Fire Station of the Year: Stourbridge Community Fire Station
At Stourbridge, every member of the team plays their part in improving the safety of, and proactively working with, the communities they serve. Following on from a very successful long-term special needs Young Firefighters' Association group, Blue Watch now run shorter-term groups for local school children, which include camping and activity days. Red Watch are the lead for road safety initiatives, identifying interventions and opportunities in the community to support this brigade priority. Blue Watch lead on safety in the home, and help to target resources that prioritise activities for our most vulnerable. Green Watch lead on arson and anti-social behaviour, and proactively identify void and derelict buildings so they can be made safe. White Watch are the lead for children and young people, and are at the forefront of delivering interventions in schools and colleges.

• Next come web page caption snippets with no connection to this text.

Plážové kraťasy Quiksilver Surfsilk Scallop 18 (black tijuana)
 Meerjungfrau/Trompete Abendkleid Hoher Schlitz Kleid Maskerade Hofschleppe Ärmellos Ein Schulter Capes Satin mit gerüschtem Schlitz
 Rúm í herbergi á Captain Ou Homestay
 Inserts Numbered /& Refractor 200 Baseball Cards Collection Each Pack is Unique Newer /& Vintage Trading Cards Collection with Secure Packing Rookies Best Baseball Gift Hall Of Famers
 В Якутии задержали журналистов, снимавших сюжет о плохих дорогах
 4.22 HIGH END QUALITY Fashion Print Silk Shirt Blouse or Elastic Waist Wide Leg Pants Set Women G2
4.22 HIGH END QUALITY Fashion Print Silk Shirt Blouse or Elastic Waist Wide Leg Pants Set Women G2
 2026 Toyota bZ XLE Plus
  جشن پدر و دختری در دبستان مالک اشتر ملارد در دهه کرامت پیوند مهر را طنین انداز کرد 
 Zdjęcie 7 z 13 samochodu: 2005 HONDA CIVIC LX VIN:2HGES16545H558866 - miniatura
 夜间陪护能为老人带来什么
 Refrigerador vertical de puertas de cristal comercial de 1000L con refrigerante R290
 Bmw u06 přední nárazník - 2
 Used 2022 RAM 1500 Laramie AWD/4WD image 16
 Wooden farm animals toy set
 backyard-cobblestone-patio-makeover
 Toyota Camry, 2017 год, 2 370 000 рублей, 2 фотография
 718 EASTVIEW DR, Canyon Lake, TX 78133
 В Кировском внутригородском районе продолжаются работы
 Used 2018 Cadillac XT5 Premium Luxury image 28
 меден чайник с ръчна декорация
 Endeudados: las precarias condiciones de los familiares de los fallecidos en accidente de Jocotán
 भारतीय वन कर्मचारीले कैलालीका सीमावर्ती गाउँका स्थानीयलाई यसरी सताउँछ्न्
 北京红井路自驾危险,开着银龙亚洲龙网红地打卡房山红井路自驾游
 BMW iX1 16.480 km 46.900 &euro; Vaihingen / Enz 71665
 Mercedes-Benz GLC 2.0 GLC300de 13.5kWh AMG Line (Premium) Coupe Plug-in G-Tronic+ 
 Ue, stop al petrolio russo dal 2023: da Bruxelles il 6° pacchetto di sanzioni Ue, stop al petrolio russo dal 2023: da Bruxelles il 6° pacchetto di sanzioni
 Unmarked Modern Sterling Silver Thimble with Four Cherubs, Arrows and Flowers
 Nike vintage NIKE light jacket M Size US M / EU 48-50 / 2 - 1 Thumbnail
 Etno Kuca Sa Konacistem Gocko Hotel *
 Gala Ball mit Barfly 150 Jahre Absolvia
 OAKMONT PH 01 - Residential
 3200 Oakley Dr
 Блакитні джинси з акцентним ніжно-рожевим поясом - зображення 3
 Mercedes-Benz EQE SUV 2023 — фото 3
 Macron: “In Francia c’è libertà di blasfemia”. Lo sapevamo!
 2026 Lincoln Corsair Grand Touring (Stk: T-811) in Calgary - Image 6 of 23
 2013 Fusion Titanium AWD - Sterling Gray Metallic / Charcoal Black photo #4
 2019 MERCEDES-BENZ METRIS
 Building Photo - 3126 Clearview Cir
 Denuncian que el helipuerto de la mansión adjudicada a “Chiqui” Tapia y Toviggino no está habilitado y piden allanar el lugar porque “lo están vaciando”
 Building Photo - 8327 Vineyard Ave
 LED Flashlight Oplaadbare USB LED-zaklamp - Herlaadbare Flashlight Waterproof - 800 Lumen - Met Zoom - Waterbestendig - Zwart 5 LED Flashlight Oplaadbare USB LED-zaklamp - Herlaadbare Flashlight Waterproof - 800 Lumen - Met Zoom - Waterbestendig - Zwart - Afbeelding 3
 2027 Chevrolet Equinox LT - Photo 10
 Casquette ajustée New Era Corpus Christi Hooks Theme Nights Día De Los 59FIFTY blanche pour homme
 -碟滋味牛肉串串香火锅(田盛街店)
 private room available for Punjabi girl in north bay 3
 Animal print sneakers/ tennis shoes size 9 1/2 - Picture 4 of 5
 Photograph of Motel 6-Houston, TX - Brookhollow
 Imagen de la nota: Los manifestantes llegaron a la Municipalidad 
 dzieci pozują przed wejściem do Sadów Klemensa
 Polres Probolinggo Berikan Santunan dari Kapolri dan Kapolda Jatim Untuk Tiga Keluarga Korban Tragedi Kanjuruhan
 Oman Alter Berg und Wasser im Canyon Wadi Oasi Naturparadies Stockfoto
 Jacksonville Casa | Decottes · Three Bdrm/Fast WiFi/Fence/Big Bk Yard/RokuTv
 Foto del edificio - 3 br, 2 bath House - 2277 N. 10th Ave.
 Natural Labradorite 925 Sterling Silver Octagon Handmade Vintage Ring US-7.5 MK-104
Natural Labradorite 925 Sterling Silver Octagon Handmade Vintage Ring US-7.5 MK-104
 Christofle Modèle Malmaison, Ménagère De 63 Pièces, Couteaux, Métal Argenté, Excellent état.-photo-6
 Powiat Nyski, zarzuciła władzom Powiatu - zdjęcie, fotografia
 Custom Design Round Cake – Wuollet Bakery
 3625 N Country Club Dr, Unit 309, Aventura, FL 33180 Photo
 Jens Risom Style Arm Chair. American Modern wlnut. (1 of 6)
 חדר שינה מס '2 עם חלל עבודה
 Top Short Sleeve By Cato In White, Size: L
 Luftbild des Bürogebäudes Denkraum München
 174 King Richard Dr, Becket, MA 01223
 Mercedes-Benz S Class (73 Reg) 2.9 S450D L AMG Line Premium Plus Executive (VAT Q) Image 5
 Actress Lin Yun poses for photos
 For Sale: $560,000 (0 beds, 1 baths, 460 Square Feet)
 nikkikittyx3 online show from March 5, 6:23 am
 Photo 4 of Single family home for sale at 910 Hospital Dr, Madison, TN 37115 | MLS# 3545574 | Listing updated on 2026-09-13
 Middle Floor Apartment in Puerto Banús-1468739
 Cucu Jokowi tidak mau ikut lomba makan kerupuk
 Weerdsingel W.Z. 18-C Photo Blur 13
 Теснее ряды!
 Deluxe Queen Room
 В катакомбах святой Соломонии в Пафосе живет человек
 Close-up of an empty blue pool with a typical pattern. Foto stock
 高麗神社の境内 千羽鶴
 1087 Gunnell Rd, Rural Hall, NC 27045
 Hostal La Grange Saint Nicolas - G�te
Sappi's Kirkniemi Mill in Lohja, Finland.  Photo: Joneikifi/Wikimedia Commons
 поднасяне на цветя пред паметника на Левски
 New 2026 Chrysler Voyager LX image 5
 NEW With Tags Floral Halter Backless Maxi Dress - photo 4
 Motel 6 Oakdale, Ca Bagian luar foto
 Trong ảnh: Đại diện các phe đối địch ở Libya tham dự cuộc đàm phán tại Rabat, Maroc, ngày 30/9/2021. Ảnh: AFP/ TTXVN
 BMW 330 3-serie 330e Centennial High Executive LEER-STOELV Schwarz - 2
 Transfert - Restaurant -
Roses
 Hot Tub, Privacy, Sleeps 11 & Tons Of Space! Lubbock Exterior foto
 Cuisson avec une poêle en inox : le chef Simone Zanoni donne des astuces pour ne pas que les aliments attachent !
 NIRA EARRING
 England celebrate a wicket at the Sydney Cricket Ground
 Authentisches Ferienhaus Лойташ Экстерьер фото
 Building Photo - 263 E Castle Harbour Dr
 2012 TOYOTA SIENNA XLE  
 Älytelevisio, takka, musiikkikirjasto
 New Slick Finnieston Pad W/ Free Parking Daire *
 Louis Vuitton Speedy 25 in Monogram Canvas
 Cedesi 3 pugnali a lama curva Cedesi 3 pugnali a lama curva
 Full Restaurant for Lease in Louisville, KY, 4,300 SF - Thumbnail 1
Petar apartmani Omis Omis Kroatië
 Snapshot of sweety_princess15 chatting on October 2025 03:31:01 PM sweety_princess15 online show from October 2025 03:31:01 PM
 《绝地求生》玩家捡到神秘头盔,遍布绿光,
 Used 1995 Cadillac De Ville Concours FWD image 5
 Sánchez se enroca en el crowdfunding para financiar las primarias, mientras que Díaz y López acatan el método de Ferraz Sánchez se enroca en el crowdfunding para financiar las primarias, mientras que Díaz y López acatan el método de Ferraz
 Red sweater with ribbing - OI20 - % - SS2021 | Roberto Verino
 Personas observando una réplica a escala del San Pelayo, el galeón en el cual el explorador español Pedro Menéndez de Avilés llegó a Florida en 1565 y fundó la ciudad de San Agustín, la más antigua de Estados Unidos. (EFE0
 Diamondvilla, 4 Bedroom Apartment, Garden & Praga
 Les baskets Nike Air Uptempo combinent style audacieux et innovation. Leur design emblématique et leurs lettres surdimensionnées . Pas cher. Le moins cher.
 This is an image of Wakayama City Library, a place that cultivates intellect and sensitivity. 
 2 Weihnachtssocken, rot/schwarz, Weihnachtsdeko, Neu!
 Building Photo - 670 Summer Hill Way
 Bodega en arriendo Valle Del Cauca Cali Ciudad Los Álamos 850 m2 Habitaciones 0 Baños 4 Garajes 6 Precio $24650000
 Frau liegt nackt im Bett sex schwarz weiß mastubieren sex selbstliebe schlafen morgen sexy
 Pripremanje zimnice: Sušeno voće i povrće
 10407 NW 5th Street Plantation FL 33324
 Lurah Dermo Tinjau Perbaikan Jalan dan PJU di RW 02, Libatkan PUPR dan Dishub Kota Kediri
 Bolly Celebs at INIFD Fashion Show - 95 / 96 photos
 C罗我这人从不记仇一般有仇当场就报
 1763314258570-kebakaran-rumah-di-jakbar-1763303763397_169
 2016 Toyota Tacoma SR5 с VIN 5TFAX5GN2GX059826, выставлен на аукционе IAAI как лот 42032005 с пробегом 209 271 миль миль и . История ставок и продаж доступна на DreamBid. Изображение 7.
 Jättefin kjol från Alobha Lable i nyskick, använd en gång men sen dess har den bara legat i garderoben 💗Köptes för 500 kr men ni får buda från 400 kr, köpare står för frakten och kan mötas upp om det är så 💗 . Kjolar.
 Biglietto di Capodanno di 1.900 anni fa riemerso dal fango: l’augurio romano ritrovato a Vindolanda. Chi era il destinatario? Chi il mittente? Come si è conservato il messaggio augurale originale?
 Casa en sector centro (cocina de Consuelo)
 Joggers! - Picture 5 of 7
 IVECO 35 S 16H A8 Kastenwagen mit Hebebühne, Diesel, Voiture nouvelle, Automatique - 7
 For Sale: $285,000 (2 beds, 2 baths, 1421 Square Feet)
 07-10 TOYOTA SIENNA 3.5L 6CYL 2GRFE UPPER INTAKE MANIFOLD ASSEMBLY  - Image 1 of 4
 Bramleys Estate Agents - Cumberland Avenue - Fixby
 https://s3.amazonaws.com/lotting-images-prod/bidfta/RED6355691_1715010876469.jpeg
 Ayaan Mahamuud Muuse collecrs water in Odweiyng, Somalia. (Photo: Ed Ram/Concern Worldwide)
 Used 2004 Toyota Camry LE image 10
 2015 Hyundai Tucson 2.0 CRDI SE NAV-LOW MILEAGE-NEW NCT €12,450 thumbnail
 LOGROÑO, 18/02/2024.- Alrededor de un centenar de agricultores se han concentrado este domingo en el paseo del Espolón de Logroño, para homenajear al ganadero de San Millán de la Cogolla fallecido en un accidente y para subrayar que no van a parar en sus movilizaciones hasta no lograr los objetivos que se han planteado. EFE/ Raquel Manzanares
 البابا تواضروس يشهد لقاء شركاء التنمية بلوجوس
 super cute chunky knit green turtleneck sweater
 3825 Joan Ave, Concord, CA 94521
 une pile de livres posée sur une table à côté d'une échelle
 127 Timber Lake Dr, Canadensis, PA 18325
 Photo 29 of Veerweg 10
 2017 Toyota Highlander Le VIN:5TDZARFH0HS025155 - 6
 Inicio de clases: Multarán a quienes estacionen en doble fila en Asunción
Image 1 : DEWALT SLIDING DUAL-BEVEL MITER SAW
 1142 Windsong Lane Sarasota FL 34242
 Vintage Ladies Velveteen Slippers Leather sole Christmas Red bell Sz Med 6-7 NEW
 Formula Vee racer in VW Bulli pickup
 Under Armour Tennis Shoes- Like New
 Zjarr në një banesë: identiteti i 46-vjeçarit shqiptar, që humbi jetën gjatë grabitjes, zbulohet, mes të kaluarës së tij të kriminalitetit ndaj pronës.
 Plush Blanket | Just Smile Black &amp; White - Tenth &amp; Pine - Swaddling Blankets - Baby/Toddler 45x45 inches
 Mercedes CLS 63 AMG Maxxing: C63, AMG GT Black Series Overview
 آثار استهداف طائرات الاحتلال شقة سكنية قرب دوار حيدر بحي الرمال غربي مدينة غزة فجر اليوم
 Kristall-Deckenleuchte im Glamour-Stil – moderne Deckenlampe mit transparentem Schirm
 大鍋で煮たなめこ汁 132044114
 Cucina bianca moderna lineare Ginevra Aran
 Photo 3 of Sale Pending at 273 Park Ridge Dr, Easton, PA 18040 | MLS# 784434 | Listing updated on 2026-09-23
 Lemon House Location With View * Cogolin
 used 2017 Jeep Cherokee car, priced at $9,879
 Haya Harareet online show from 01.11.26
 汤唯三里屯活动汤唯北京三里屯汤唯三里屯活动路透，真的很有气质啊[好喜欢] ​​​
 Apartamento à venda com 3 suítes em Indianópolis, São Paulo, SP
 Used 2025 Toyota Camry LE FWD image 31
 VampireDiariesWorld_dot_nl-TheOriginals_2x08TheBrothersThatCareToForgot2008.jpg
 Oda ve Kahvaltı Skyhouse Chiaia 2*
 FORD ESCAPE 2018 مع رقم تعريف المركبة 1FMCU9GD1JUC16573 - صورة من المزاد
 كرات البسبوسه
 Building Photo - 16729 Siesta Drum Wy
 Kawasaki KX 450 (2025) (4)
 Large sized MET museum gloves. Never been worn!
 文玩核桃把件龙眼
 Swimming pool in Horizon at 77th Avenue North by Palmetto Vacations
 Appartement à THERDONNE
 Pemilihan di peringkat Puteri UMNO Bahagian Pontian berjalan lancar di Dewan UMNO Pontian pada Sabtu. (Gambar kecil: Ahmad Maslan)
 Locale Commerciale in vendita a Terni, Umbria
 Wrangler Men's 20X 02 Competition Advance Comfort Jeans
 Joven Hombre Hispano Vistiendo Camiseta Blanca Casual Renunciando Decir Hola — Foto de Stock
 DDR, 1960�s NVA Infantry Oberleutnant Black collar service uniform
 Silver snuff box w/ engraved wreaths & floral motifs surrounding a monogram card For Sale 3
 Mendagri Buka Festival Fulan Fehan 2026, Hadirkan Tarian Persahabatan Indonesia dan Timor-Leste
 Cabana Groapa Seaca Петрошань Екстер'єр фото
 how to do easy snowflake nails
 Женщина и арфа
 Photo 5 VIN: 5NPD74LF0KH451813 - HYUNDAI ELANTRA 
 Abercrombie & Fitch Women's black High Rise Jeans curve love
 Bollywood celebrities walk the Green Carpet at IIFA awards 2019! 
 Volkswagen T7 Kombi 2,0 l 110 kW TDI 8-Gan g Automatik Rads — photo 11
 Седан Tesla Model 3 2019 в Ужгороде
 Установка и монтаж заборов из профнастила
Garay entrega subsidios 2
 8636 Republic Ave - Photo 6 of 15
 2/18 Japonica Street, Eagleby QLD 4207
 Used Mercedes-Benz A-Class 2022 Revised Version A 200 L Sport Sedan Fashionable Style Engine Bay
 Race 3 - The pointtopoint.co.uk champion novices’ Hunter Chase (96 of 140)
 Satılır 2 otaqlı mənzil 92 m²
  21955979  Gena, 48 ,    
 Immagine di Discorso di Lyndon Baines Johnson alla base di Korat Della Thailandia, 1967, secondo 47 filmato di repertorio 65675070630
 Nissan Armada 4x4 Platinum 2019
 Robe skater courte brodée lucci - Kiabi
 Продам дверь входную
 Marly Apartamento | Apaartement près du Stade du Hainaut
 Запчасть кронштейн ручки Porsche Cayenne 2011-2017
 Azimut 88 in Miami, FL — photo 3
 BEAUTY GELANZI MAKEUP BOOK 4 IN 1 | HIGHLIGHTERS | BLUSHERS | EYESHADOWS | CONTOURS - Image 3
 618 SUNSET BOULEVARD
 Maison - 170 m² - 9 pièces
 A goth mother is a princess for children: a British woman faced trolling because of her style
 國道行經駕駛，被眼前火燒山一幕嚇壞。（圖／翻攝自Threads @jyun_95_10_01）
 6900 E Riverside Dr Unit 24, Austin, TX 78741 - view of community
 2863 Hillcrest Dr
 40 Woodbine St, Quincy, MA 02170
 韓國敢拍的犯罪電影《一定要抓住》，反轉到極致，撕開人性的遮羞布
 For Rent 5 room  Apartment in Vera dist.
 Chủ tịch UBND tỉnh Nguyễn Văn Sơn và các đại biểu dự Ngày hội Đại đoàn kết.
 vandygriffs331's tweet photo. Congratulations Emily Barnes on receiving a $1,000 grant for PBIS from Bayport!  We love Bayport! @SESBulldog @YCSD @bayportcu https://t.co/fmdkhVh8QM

Hero of the Year: Firefighter Paul McCarron of Sutton Coldfield Fire Station, Blue Watch and Mr Richard Ross
Firefighter McCarron was enjoying a family holiday with his wife and a group of friends in Majorca in August. He was relaxing after a swim and a barbecue, when his wife spotted flames shooting from a window on the top floor of an apartment block, near to their hotel, just after 10pm. Paul and his friend, Richard Ross, rushed to the scene and found the six-storey apartment block well alight. Paul found the stairs at the back of the buillding and headed to the top floor, while Richard banged on doors in an attempt to get everyone out. Grabbing a T-shirt from a man on his way up the stairs, Paul used it to protect himself and cover his mouth. On the top floor, where the fire was, the smoke was really thick, down to just a couple of feet off the ground, so he had to crawl. He first located an elderly couple and got them to safety, and then began searching the flats. The door of the apartment which was on fire was open. Paul couldn't get too close because the flames were really hot and the smoke was getting thicker and thicker. They were in pitch darkness, apart from the light from the fire, as the electricity supply had been knocked out.
When Paul thought everyone was out he heard a woman screaming, and managed to get her out and down the stairs just as the local firefighters arrived. The apartment block was occupied with around 200 residents. As well as rescuing one woman from the top floor, Paul led 18 couples to safety. He had help from a couple of local people, but it was Richard who gave him valuable support, following his instructions at all times. He was only able to do what he did because of his extensive training and years of experience as a professional firefighter, which meant he was able to continuously risk assess the situation to ensure that he was not putting other people or himself at even greater risk. As a result of his actions, it is believed that only one resident suffered minor burns to his feet. Everyone else is reported to have returned safely to their homes within three hours of the blaze.